> [YOUR OBJECTIVE]:
The job is to find each line in the entries holding the string "Size" and copy that line.

[Brief descriptive captions]
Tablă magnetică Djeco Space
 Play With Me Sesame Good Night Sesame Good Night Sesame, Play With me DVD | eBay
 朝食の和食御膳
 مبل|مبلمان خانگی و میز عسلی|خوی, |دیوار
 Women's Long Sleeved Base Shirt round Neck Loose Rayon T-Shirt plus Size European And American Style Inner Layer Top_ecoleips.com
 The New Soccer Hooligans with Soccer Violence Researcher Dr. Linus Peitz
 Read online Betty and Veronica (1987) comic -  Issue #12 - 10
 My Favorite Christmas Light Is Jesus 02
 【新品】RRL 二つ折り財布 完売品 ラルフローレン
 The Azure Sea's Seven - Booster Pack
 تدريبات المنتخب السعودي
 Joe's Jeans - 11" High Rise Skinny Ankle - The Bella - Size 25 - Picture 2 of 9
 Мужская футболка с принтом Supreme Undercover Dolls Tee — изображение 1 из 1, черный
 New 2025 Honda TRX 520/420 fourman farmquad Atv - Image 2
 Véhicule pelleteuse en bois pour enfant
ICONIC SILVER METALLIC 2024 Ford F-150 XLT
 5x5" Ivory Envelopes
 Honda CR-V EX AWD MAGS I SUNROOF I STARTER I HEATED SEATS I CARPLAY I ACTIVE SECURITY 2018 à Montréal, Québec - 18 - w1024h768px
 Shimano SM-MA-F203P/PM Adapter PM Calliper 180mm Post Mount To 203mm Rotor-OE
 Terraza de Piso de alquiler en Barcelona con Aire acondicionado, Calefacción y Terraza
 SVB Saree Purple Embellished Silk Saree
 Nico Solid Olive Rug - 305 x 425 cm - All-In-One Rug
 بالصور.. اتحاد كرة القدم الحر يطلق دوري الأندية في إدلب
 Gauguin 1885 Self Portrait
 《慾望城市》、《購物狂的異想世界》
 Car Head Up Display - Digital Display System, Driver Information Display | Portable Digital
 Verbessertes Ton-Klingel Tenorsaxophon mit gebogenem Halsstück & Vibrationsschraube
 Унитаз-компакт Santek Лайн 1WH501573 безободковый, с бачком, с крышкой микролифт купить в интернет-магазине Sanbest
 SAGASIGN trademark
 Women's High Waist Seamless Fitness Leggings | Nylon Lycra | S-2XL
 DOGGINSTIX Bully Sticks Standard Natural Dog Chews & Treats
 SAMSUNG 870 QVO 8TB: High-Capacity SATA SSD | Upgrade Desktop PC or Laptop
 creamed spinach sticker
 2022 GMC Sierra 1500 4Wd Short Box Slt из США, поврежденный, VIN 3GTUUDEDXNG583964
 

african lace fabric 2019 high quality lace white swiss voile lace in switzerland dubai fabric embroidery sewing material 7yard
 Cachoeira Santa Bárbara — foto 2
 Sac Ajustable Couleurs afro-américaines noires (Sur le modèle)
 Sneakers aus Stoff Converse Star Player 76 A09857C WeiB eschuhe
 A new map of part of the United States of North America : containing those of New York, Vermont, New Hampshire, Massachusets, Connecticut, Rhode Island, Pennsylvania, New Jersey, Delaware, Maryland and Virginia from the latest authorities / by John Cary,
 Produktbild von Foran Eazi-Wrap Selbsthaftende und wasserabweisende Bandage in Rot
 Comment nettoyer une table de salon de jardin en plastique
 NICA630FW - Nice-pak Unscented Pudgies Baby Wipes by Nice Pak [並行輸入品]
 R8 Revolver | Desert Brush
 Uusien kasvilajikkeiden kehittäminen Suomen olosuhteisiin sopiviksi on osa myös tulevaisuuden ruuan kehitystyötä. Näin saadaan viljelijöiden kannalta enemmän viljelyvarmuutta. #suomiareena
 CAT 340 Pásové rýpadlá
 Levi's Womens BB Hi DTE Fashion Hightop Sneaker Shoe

> [SOLVED EXERCISE]:
 Women's Long Sleeved Base Shirt round Neck Loose Rayon T-Shirt plus Size European And American Style Inner Layer Top_ecoleips.com
 Joe's Jeans - 11" High Rise Skinny Ankle - The Bella - Size 25 - Picture 2 of 9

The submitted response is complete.